> _What to produce_
Print nothing but the lines below starting at the line that holds "Venise en octobre : une lumière d’automne" and ending at the line that holds "Dior Dioramour D-Chess Small Book Tote", including both, each exactly as written.

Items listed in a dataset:
******
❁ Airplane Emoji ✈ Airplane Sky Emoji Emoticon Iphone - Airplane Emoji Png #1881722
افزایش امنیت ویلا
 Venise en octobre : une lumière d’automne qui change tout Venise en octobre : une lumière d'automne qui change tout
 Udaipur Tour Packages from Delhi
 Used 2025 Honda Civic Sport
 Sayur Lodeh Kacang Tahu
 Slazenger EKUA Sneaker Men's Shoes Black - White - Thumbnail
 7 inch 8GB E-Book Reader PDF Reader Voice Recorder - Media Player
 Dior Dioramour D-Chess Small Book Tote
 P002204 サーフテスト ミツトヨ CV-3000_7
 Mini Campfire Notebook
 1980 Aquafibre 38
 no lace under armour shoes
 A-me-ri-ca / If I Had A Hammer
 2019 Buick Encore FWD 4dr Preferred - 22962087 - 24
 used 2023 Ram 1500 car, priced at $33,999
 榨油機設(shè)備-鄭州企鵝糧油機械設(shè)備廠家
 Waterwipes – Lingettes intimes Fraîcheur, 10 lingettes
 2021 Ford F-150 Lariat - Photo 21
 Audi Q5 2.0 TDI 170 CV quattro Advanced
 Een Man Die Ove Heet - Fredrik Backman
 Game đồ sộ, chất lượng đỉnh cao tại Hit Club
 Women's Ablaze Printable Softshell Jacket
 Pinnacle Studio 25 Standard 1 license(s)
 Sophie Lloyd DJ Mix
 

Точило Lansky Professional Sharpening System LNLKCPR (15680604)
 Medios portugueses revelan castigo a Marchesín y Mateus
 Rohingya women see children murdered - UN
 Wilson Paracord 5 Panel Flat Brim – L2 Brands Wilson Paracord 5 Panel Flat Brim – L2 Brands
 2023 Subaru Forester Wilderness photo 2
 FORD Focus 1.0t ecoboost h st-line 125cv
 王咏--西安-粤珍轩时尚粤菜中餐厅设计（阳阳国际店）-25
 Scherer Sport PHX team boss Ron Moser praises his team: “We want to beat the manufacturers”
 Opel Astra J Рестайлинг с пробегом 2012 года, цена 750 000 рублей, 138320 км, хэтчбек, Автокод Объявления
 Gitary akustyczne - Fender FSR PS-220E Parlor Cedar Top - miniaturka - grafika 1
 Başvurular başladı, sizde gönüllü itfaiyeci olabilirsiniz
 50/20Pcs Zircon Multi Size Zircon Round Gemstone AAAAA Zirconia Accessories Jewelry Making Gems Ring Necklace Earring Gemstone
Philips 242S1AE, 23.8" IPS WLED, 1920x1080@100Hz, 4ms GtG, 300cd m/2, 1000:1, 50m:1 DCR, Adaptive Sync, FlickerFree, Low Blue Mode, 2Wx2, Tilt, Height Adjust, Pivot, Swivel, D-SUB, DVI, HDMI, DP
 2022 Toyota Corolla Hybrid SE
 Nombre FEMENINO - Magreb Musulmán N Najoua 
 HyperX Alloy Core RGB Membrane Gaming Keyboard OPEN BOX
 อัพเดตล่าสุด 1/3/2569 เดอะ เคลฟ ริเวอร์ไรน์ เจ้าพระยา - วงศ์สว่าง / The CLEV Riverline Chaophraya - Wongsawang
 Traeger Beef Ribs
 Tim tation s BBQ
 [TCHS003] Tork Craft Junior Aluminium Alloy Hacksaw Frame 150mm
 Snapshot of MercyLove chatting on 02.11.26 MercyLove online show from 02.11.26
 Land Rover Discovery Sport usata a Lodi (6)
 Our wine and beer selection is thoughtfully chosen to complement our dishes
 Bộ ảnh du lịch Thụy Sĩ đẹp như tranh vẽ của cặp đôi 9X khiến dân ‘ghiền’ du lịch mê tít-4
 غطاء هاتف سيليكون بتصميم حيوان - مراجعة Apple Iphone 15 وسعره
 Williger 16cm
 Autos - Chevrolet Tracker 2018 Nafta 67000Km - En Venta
******
> _Answer to this exercise_
 Venise en octobre : une lumière d’automne qui change tout Venise en octobre : une lumière d'automne qui change tout
 Udaipur Tour Packages from Delhi
 Used 2025 Honda Civic Sport
 Sayur Lodeh Kacang Tahu
 Slazenger EKUA Sneaker Men's Shoes Black - White - Thumbnail
 7 inch 8GB E-Book Reader PDF Reader Voice Recorder - Media Player
 Dior Dioramour D-Chess Small Book Tote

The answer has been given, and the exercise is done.